In 2018, another boundary process proved controversial after parents at Abingdon and Henry elementary schools objected to proposed boundaries that would have sent some students at both schools to Drew.
Responding to the lack of interest in transferring this time around, School Board members urged administrators to review the voluntary transfer effort. They were divided, however, over whether this option could work in the future.
“I find this targeted transfer thing wholly inadequate,” Board Member Reid Goldstein said, adding that as far as he is concerned, it has “fallen on its face.”
Goldstein said he was “extremely distressed” when the boundary process last fall did not include Abingdon, despite being overcrowded for years. Instead, he said, the boundary changes last fall mostly adjusted neighborhood schools in the northern half of the county and did not take into account overcrowded schools in South Arlington.
“Twelve students are not going to go a long way toward balancing the huge overcapacity at Abingdon and the under-capacity at Drew,” he said. “I’m going to ask you, [Superintendent Francisco] Durán, to try and put some more aggressive measures in place to try and beef up only 12 students who are going from our most overcrowded school to our least crowded school, and not wait another two years before they get relief.”
As of now, administrators have no plans to keep advertising the transfer option, said Lisa Stengle, the executive director of planning and evaluation for APS.

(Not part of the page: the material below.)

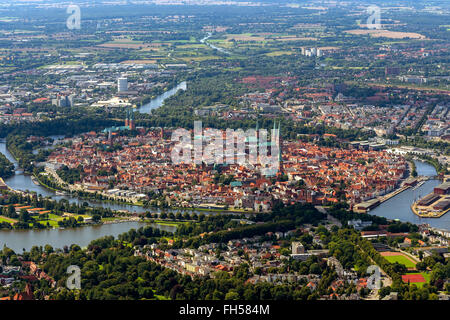 Luftbild, Zentrum von Lübeck, St.Jakobi Kirche, St. Marien Kirche, St. Peter Kirche, St.Aegidien Kirche, Lübeck Kathedrale, Stockfoto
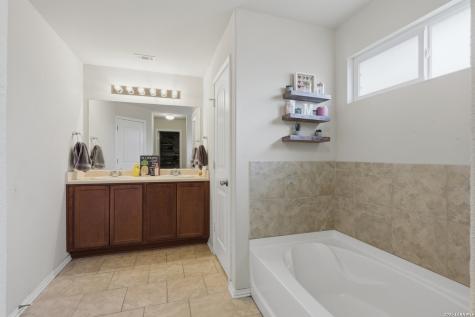 2611 Live Oak Pass San Antonio TX 78244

The school system’s marketing efforts included setting up a website and releasing School Talk messages, while the two schools published information on their websites and mentioned the option during back-to-school events, Johnson said.
“We did make significant outreaches to the Abingdon families,” she said.
Despite the closed application window, APS is still encouraging families to apply. Whether students are accepted will depend on school capacity, staffing and finances, and not every family who applied thus far was eligible, she said.